Nu moet het gezegd worden dat Oculus, Valve en Sony onderling meer overeenkomsten vertonen dan een van hen met een eerder, experimenteel apparaat als de Leap Motion deelt, maar alsnog zijn de onderlinge verschillen fundamenteel. De rol van de kleinere aanbieders met experimentele technologieën moet dan ook vooral begrepen worden als een pioniersfunctie. Op het moment lijkt het aannemelijk dat de grote namen het roer in handen nemen en de kleinere ontwikkelaars zich naar de marges verplaatsen. Wat dat betreft is een mogelijke industriestandaard dus een stap dichterbij gekomen, maar de verschillen tussen de Oculus Touch, de Vive-controllers en de besturing van Playstation VR zijn groot genoeg dat elke uitspraak over een VR-standaard voorlopig giswerk blijft. Toen ik Lee daarnaar vroeg, vertelde hij mij: "De winnaar van de VR-race zal diegene zijn die het meest natuurlijk aanvoelt, en de spelers een concrete besturing aanbiedt." Karns lijkt het met hem eens te zijn: "Wat het medium zal definiëren, is niet iemand die van bovenaf naar het publiek schreeuwt dat ze verkeerd spelen. Mensen zullen spelen op de manier die hen het meeste aanstaat, en dat zal de taal van het medium bepalen." Oftewel: tijd en de markt zullen uitkomst bieden.

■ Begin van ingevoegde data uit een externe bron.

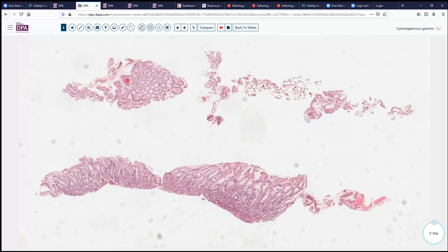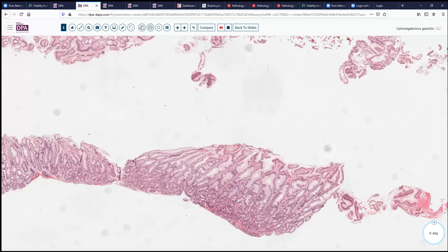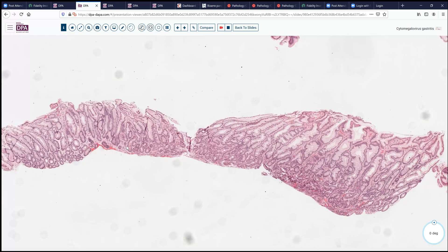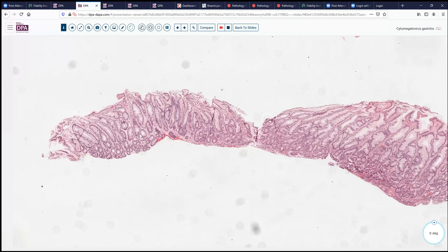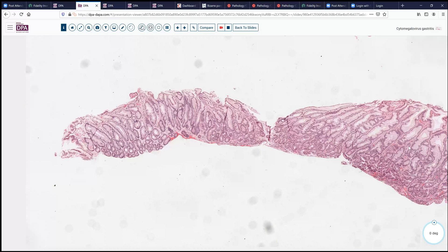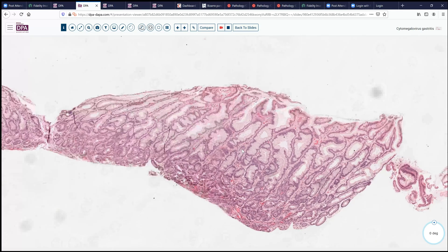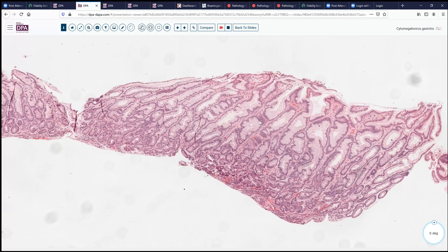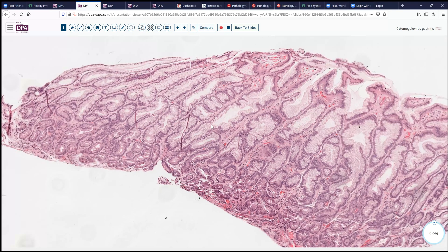As we look at this biopsy, we see fairly healthy looking stomach antrum here with a moderate degree of foveolar hyperplasia, maybe a little bit of corkscrewing. We don't see any ulceration at low magnification. We do see no evidence of intestinal metaplasia, and we don't have chronic inflammatory cells. Of course, this patient is a bone marrow transplant patient and may be somewhat immunocompromised, so we may not get a normal inflammatory response.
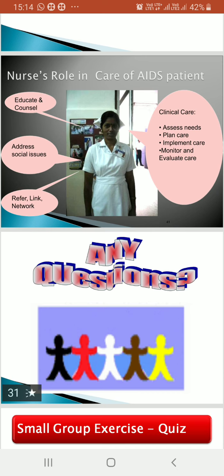The nurse's role in care of AIDS patients: educate and counsel the patient, address social issues, refer where needed, maintain links and networks in the area to connect patients to palliative care and complementary therapy services. For clinical care, first assess the patient's needs, make a care plan accordingly, then monitor and evaluate the care provided. This was all about HIV AIDS under subject EVS. Thank you.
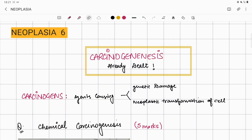In continuation of our neoplasia series, this is our sixth video. In the fifth video, we clearly dealt with carcinogenesis — questions like chemical carcinogenesis, radiation carcinogenesis, and viral carcinogenesis. It is a prerequisite and must-write topic that should be mentioned in every answer. If you missed our fifth video, go through it once for sure.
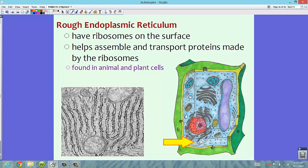The rough ER packages and transports proteins where they need to go — around the cell and possibly outside of the cell. Rough ER is found in both animal and plant cells, so it's only found in eukaryotic cells.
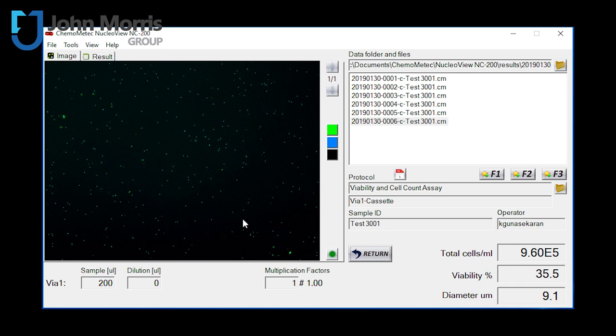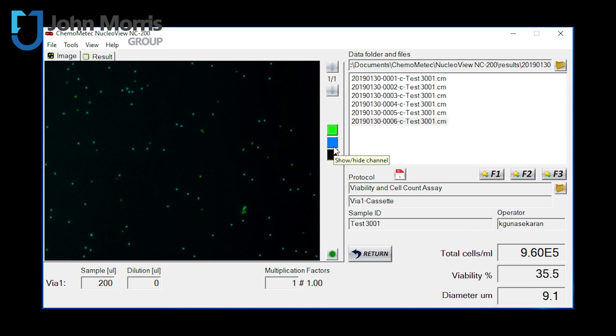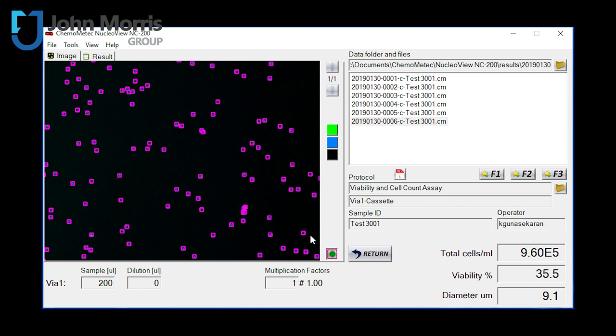And you can apply filters for what's viable. You can remove what's viable. You can remove what's non-viable. You can also have it draw squares around all of the cells that's actually counted. So you can see which cells it actually counted for you.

En daarmee zien we de toekomst voor de komende jaren in een notendop. VR is er al: het is betaalbaar, het werkt en het is binnenkort onvermijdelijk in je woonkamer. Alle ingrediënten zijn aanwezig voor de perfecte storm die zal veranderen hoe wij ons tot onze technologie verhouden. Maar het zal pas na die storm zijn, als we daadwerkelijk met zijn allen een bril op onze snuit hebben, dat we kunnen kijken welke nieuwe besturingen werken. Het perfecte Holodeck is dus nog even van ons verwijderd.